Reinforcement Learning Enabled Peer-to-Peer Energy Trading for Dairy Farms
Mian Ibad Ali Shah, Enda Barrett, Karl Mason
TL;DR
The paper addresses high energy costs and CO2 emissions in dairy farms by leveraging renewable generation and peer-to-peer energy trading within a multi-agent system. It presents MAPDES, a simulator that integrates rule-based agents with a Q-learning agent in a distributed P2P trading market governed by a Double Auction and SDR pricing. The study demonstrates substantial improvements over baselines, including a 70.44% reduction in electricity purchases, an 87.84% drop in peak grid demand, and a 1.91% increase in revenue from surplus energy, validating the value of combining reinforcement learning with rule-based control for agricultural energy management.
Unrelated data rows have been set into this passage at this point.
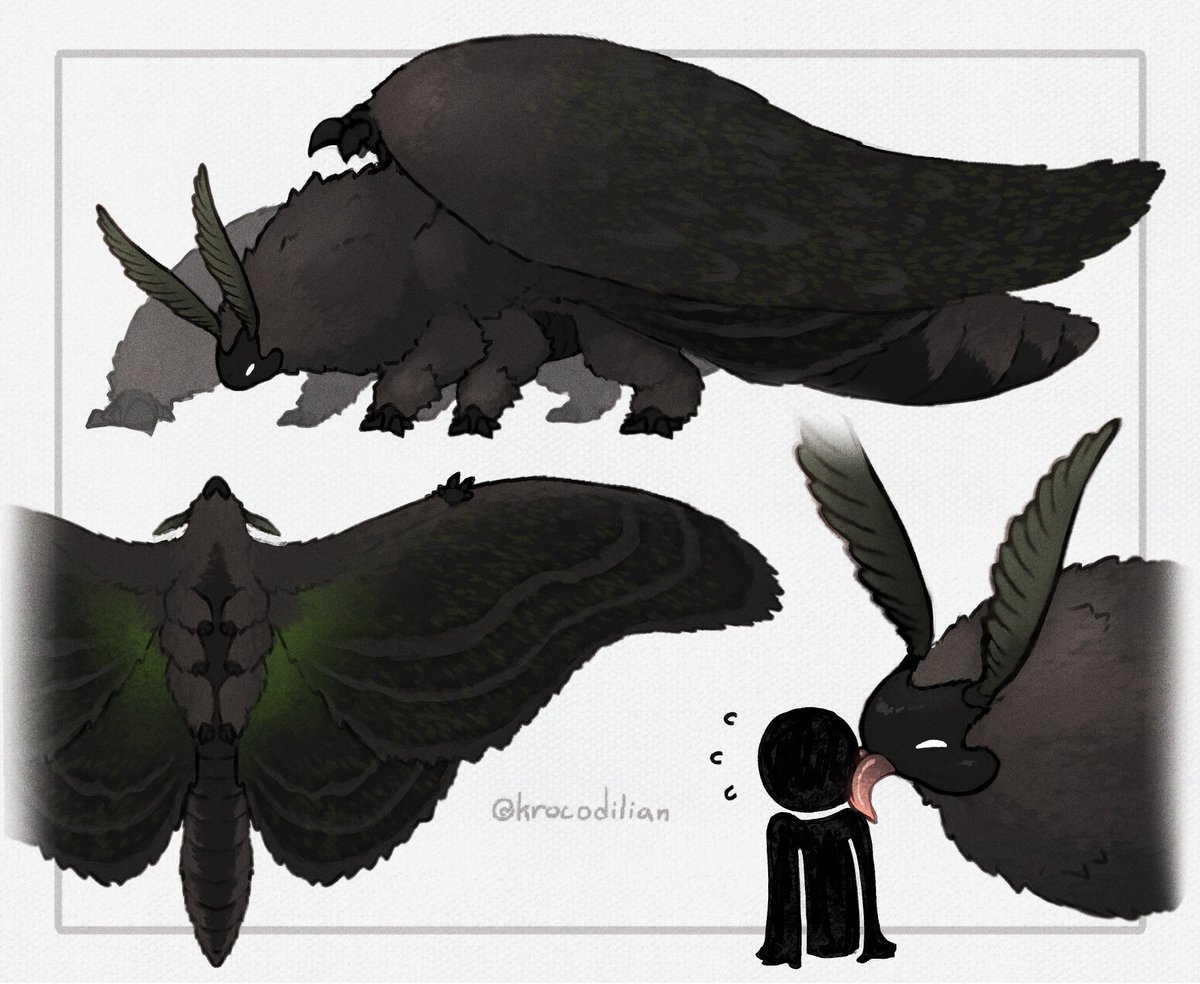 krocodilian's tweet photo. more moth 🤎 https://t.co/QByee6FSY6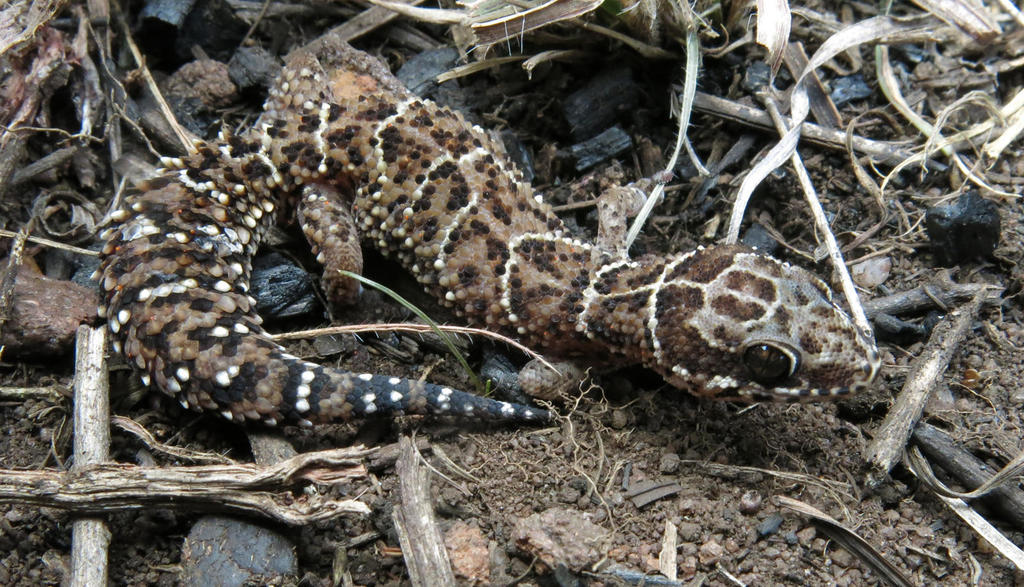 Van Son's Gecko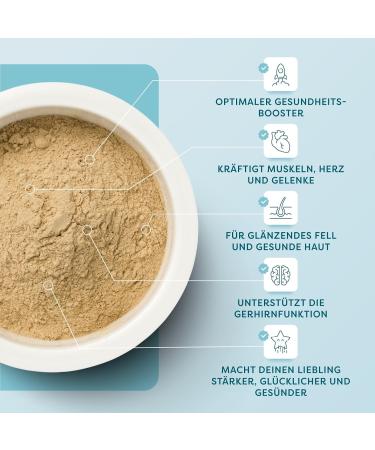 Dr. Sam Health Powder for Cats - Natural Dietary Supplement for Joints Gut Stress & Skin Care - Wondercat 45g - Buy Online on GoSupps.com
The work highlights the potential for scalable, privacy-preserving energy optimization in dairy farming and suggests extending the approach to other agricultural domains."
Abstract
Farm businesses are increasingly adopting renewables to enhance energy efficiency and reduce reliance on fossil fuels and the grid. This shift aims to decrease dairy farms' dependence on traditional electricity grids by enabling the sale of surplus renewable energy in Peer-to-Peer markets. However, the dynamic nature of farm communities poses challenges, requiring specialized algorithms for P2P energy trading. To address this, the Multi-Agent Peer-to-Peer Dairy Farm Energy Simulator (MAPDES) has been developed, providing a platform to experiment with Reinforcement Learning techniques. The simulations demonstrate significant cost savings, including a 43% reduction in electricity expenses, a 42% decrease in peak demand, and a 1.91% increase in energy sales compared to baseline scenarios lacking peer-to-peer energy trading or renewable energy sources.